**Dataset excerpt:**
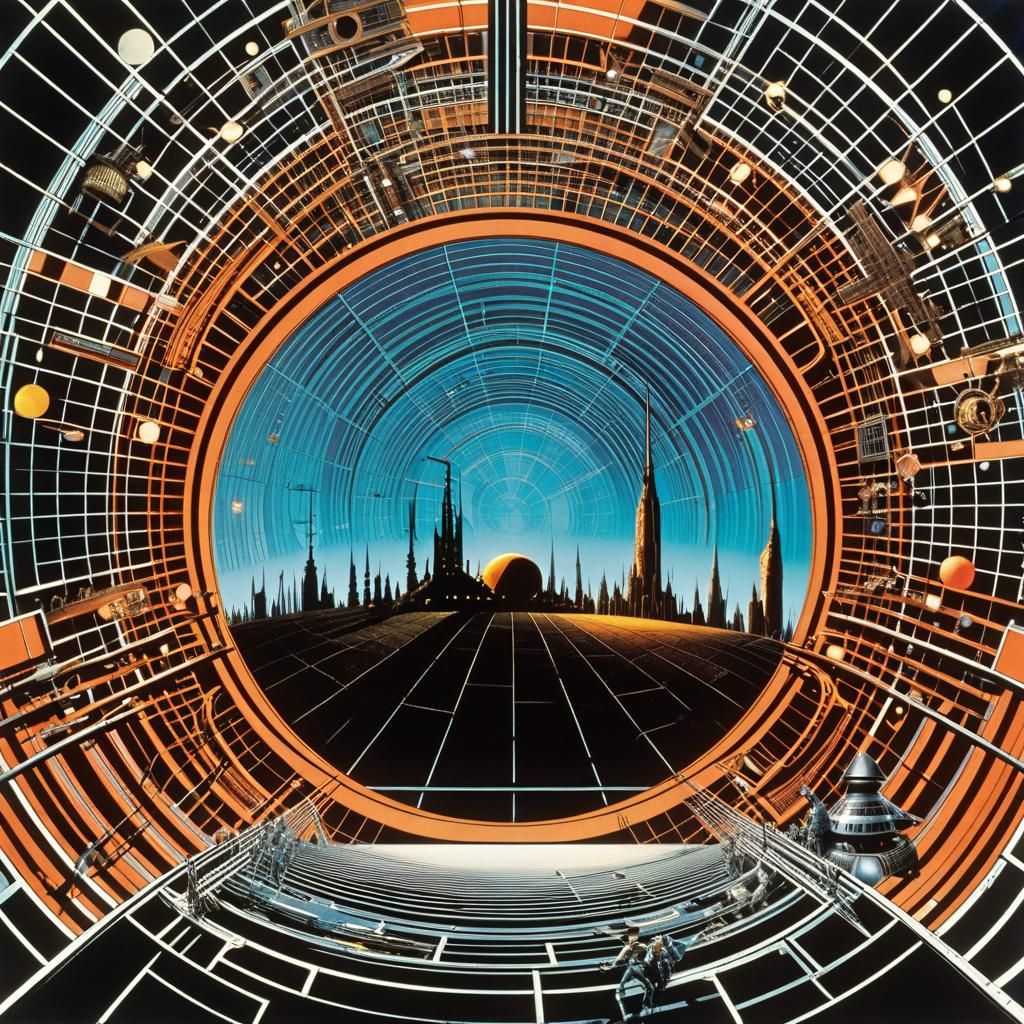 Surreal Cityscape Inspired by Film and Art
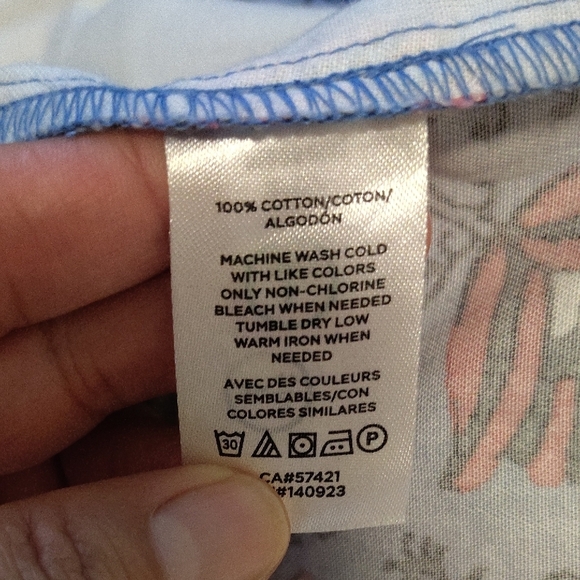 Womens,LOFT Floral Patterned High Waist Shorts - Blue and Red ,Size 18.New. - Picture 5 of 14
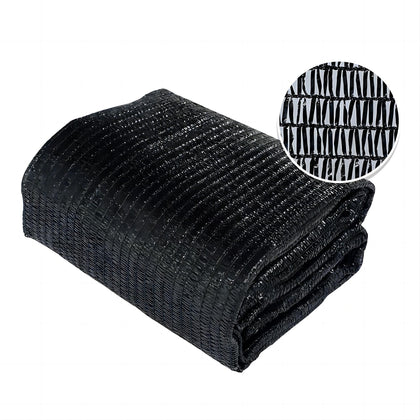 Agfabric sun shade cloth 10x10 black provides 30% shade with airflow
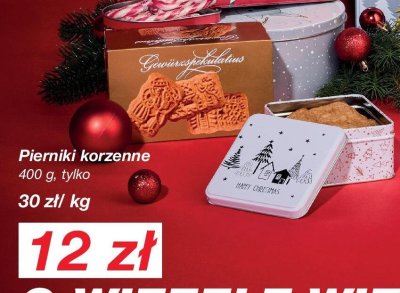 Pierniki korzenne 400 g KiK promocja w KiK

**Problem:** Return the data verbatim, leaving out the pictures it holds.

**Output below:**
 Surreal Cityscape Inspired by Film and Art
 Womens,LOFT Floral Patterned High Waist Shorts - Blue and Red ,Size 18.New. - Picture 5 of 14
 Agfabric sun shade cloth 10x10 black provides 30% shade with airflow
 Pierniki korzenne 400 g KiK promocja w KiK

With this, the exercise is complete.